Gaston County’s Andy Fenstermaker, known as “ Andy the Door Bum,” played noisy punk rock before his friends encouraged him to take his barreling baritone and lyrical poetry acoustic. The neo-folk punk approach worked. Fenstermaker, who turns 28 this month, has led the band that bears his nickname for seven years, has traveled the world playing music and recently released his fourth album.

Courtney Devores, Correspondent

Q. What was it like going from punk to acoustic?

The challenge with acoustic music is people can talk over you. You can use it to your advantage too. They can pigeonhole you when you look like I do and you get up with an acoustic guitar. I’m aggressive with my delivery and I say things that are provocative. At first it was as struggle  . Maybe I’m more focused on lyrics now because I know it’s more noticeable.

Q. What’s your writing process?

Most just kind of pop in my head.
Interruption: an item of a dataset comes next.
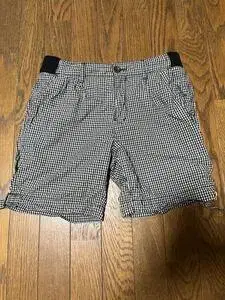 체크 무늬 숏팬츠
The melody is there. I have to figure it out on a guitar. Lots of times it’s whole songs and I’ll just start humming something. I’ll follow it and it’ll go from the beginning of a song to the end of one. I write them down real quick and they’re there in their entirety. Sometimes I work more on them. There’s definitely still a lot of thought that goes into it. I feel lucky. Ideas just come to me.

Q. Did you write poetry before music?

Before I could write my grandmother would write them down for me. I have a handful that she saved. The lyrical side (of songwriting) progressed first and further than the musical side. I have a lot more years of experience in that. I think that’s my strong point. On the newest record that’s more of the focus.

Q. How do you compare your new album, “The Man Killed the Bird,” to your previous work?

The material is lyrically the best thing I’ve done. It’s more toned down musically. It’s darker. As a whole it’s more personal and cohesive. It was me exploring and searching, asking myself questions and trying to answer them.

Q. Has traveling influenced your writing?

It changed my life. When I graduated from high school I’d only been here and to Pennsylvania. Now I’ve visited 46 states and 15 countries. Every minute is something new. (Material) starts coming to me after I’ve been home for a couple of weeks.